Instructions for the task — The full listing, copied exactly and free of pictures, is the expected reply.

Given information —

---

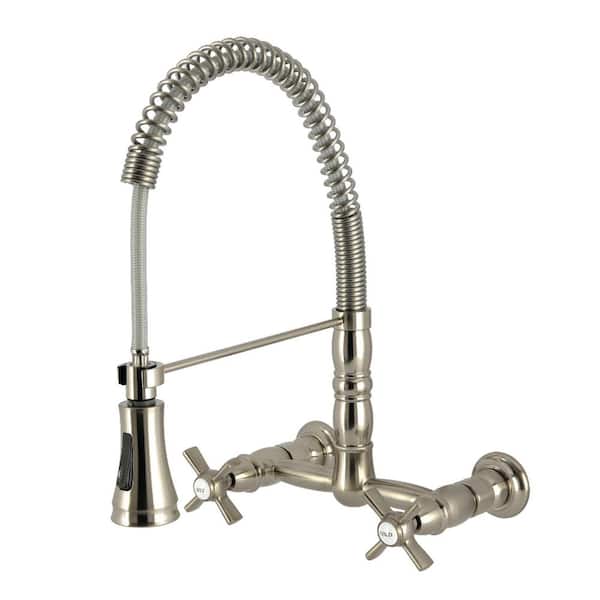 Millennium 15.94 in. H 2-Handle Wall Mount Standard Kitchen Faucet in Brushed Nickel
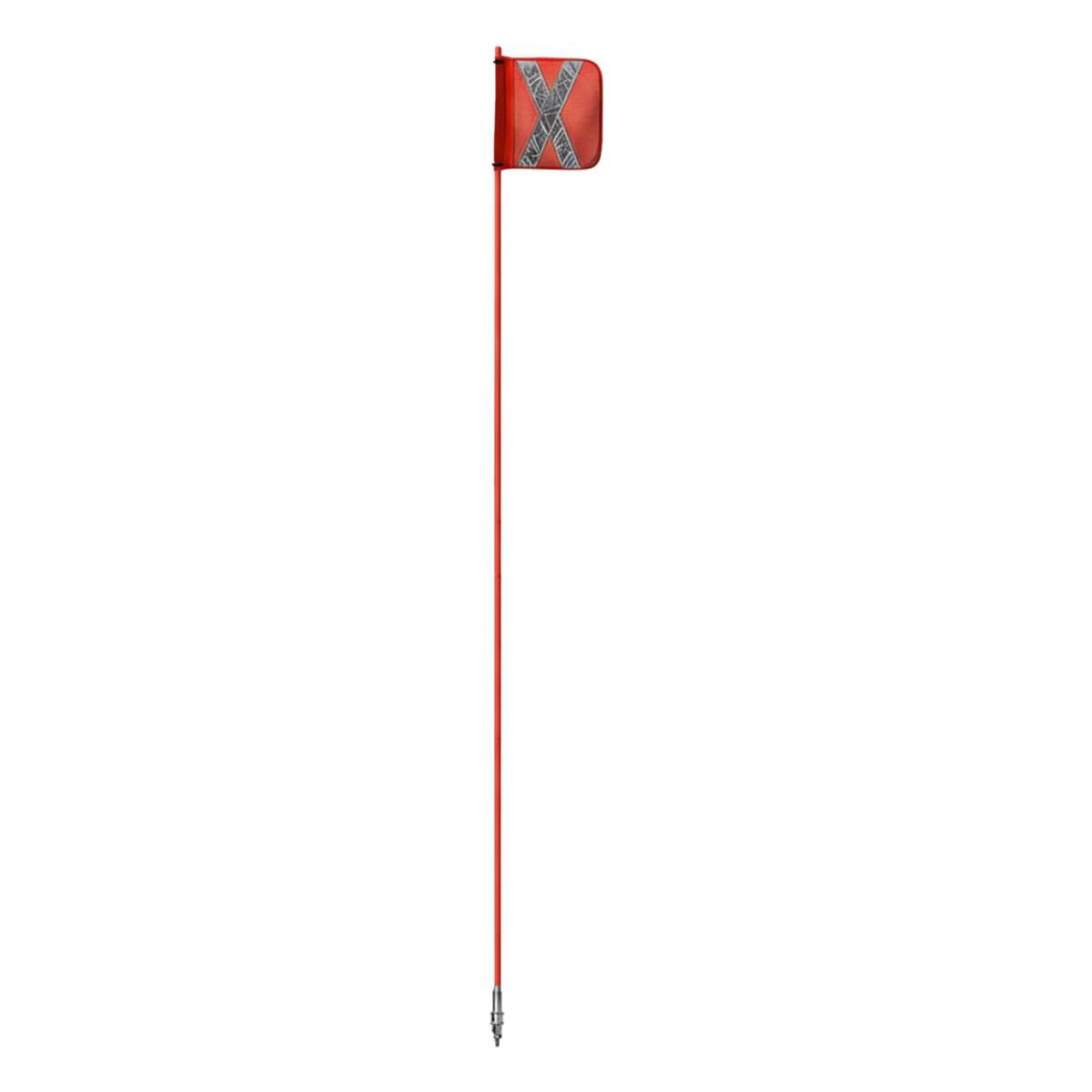 Safety Aerials Australia 3.0mtr Non-Illuminated One-Piece Red Pole with Orange X Mesh Sleeve Flag and Anti-Rotational Quick Release Base GPC30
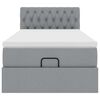 vidaXL Ottoman-Bett mit Matratze Hellgrau 90x200 cm Stoff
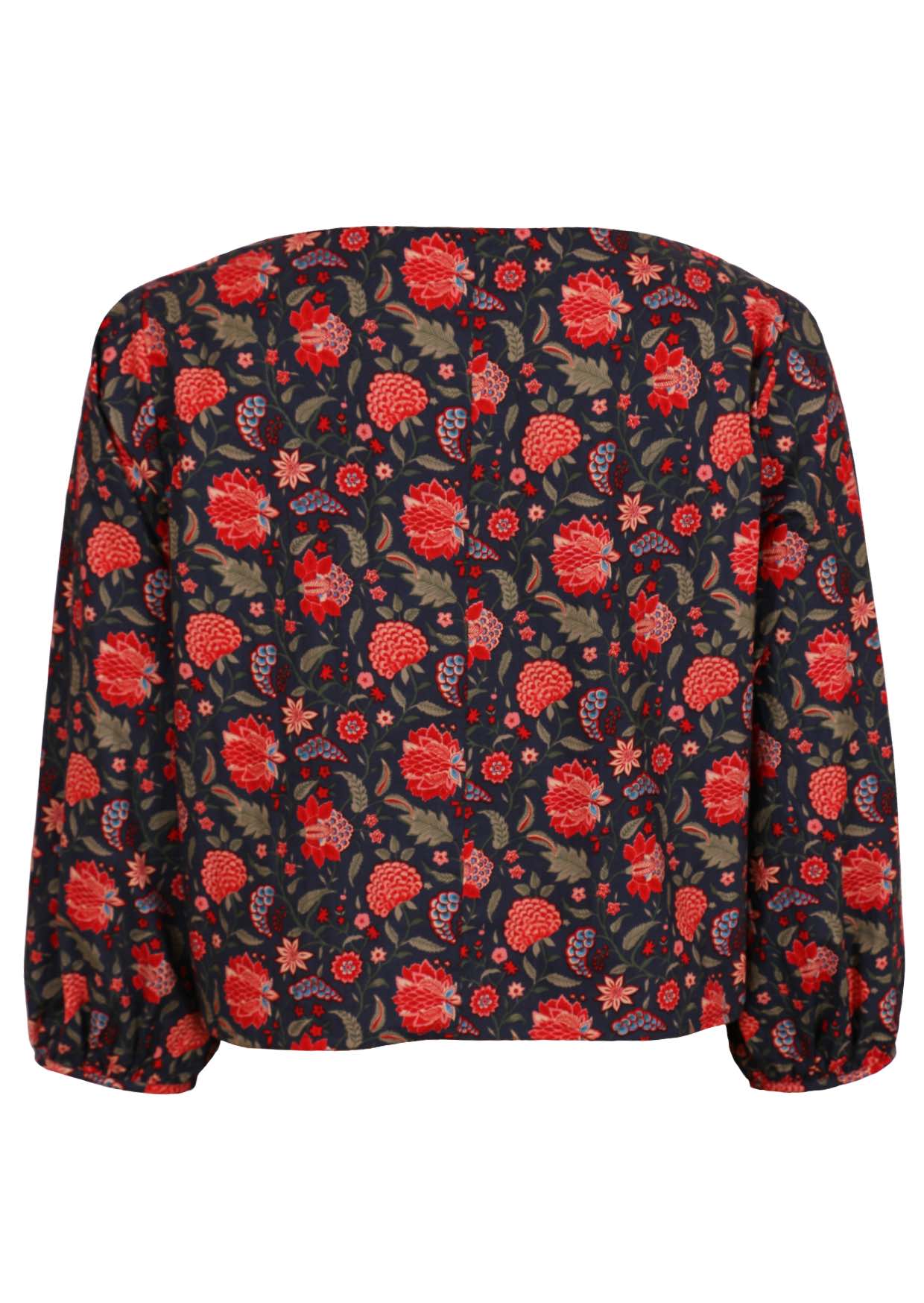 Cotton long sleeve top with boat neckline and bishop sleeves, in red and green floral print on a blue base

---

Answer space —
 Millennium 15.94 in. H 2-Handle Wall Mount Standard Kitchen Faucet in Brushed Nickel
 Safety Aerials Australia 3.0mtr Non-Illuminated One-Piece Red Pole with Orange X Mesh Sleeve Flag and Anti-Rotational Quick Release Base GPC30
 vidaXL Ottoman-Bett mit Matratze Hellgrau 90x200 cm Stoff
 Cotton long sleeve top with boat neckline and bishop sleeves, in red and green floral print on a blue base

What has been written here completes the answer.